> REQUIRED WORK
Return all the data exactly, keeping the pictures out.

> SOURCE DATA
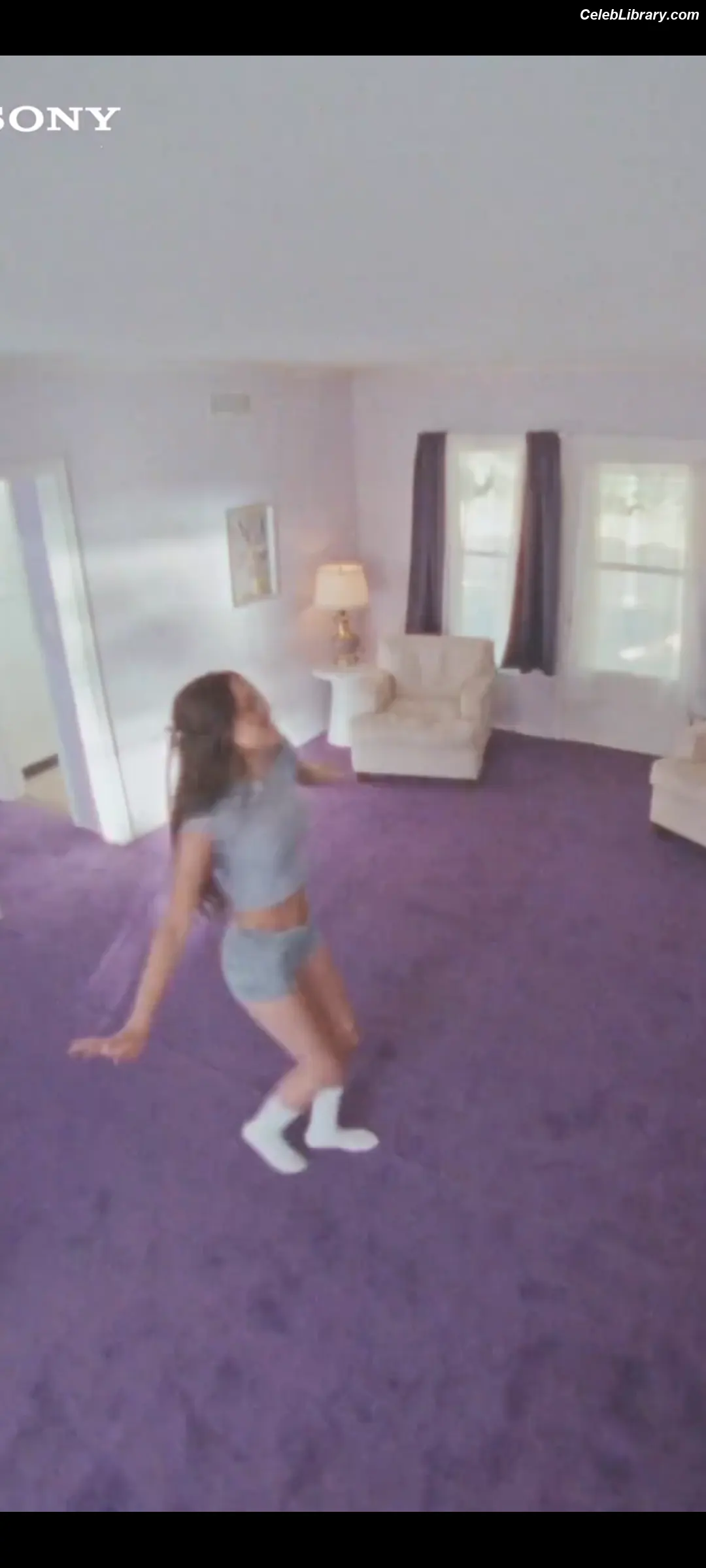 Olivia Rodrigo photo 24 of 3937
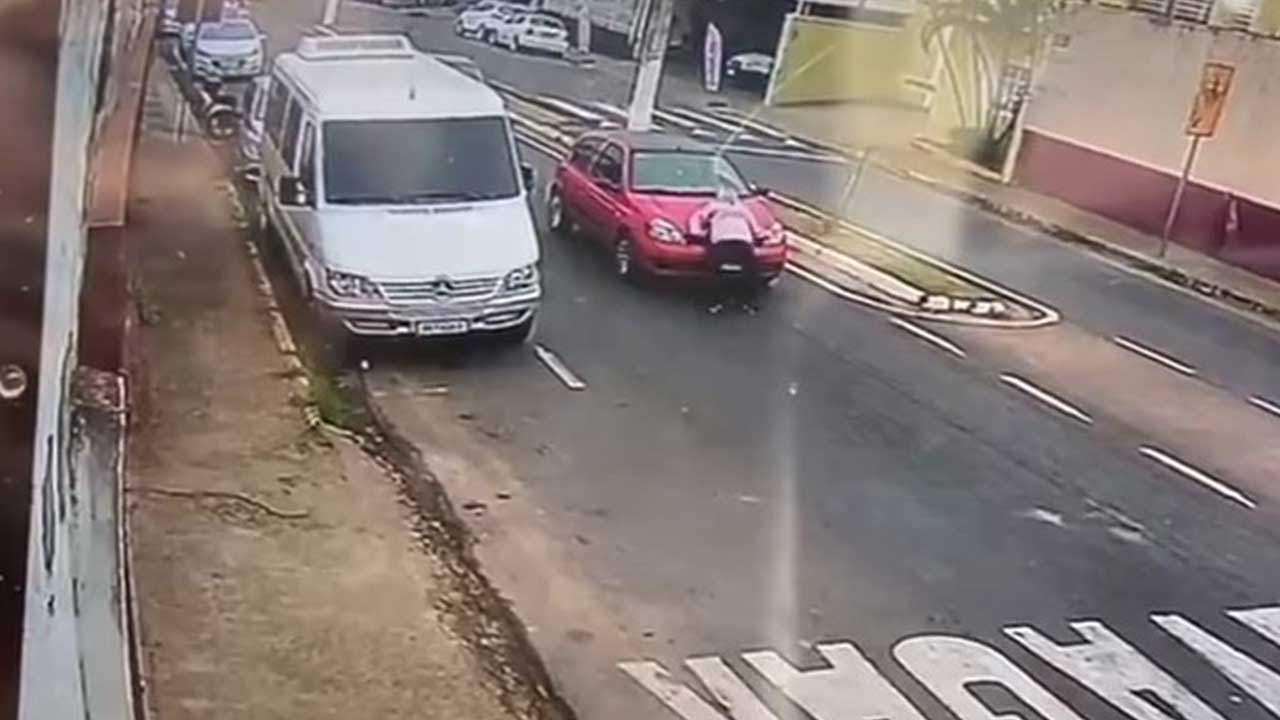 Mulher é flagrada enquanto tenta fingir atropelamento em Minas Gerais; veja o vídeo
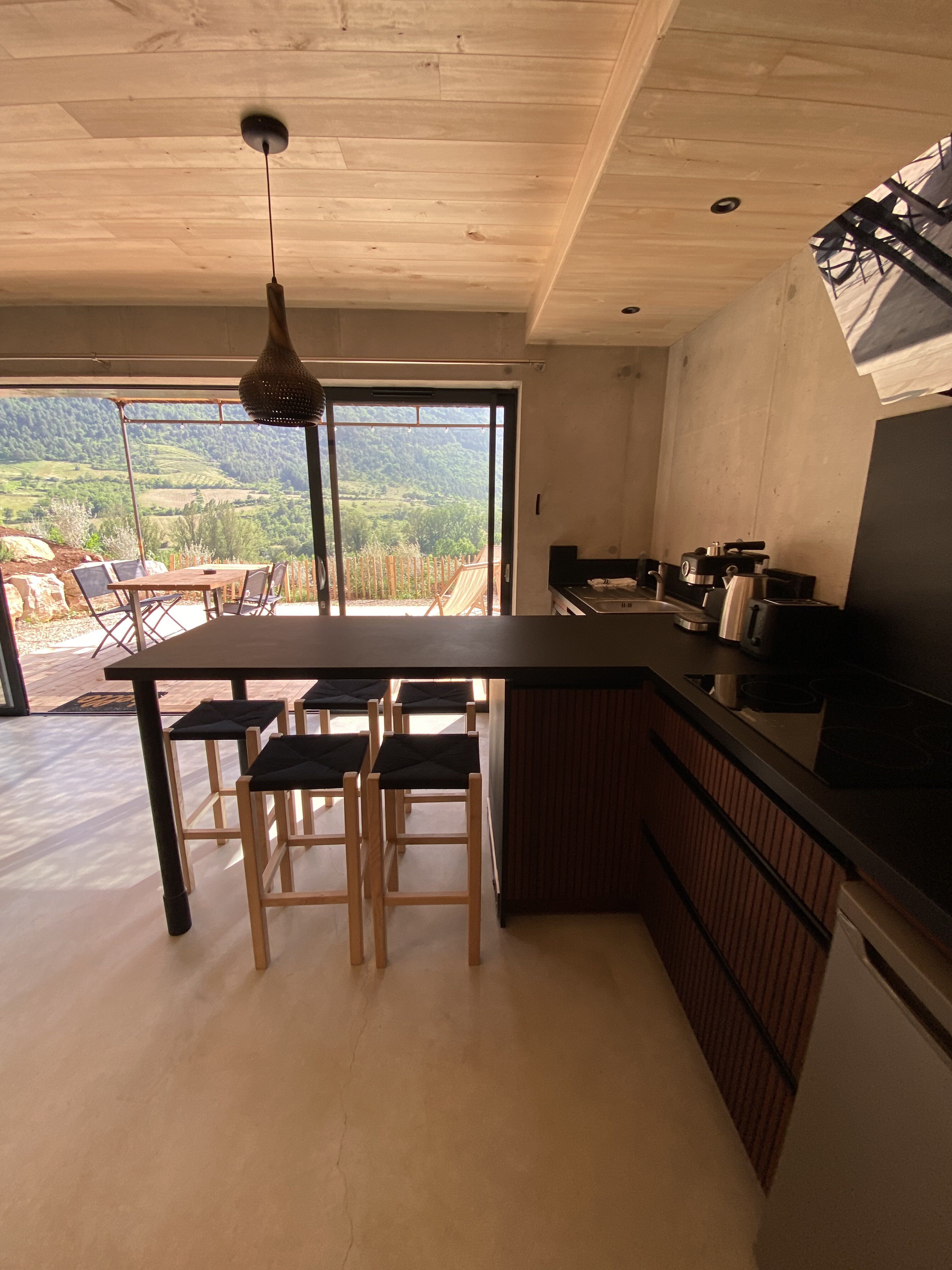 L'échappée des causses — Maison troglodyte avec spa à Aveyron à Saint-Jean-du-Bruel — environnement naturel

> EXERCISE RESPONSE
 Olivia Rodrigo photo 24 of 3937
 Mulher é flagrada enquanto tenta fingir atropelamento em Minas Gerais; veja o vídeo
 L'échappée des causses — Maison troglodyte avec spa à Aveyron à Saint-Jean-du-Bruel — environnement naturel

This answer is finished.